= Half-Man =

French fairy tale

Half-Man is a French fairy tale collected by Achille Millien and Paul Delarue.

It is Aarne-Thompson type 675, a type of tale found throughout Europe. Another variant is Peruonto.

==Synopsis==

A farmer and his wife had three sons, but the youngest was only half a man: one arm, one leg, etc. One day, the mother sent the sons for wood. The older two got ahead of Half-Man and came to a river. An old woman asked for help across, but they said they did not have time. Half-Man came and helped her. She gave him a magic wand. He used it to get wood, and then to turn himself into a bourgeois. He went to speak to his father, who told him that he was poor, and that one of his sons was only half a man but he liked him better than the others. Half-Man took back his normal form and filled the pantry with things to eat.

He went for a walk and saw the king's daughter. He used the wand to make her magically pregnant with a son who would walk and talk at birth and say that Half-Man was his father. She gave birth nine months later, and the boy said he could recognize his father. The king made all the men pass before the boy, who recognized Half-Man. Angry, the king sent all three of the sons away. As soon as they reached a suitable place, Half-Man conjured up a castle. He went ahead of the princess, turned himself into the bourgeois, and went back. The princess repulsed him because she did not want to deceive Half-Man. Half-Man made himself known, and the princess was pleased.

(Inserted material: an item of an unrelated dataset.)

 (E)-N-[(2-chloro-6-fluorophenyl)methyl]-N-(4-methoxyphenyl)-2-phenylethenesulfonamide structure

After some time, Half-Man invited three kings, one his father-in-law, to the castle. His son played with three golden apples, and Half-Man used the wand to put one in his father-in-law's pocket. The boy complained. Half-Man had the castle searched, and then demanded that his guests be searched. His father-in-law was astounded, and Half-Man told him the same magic had made his daughter pregnant.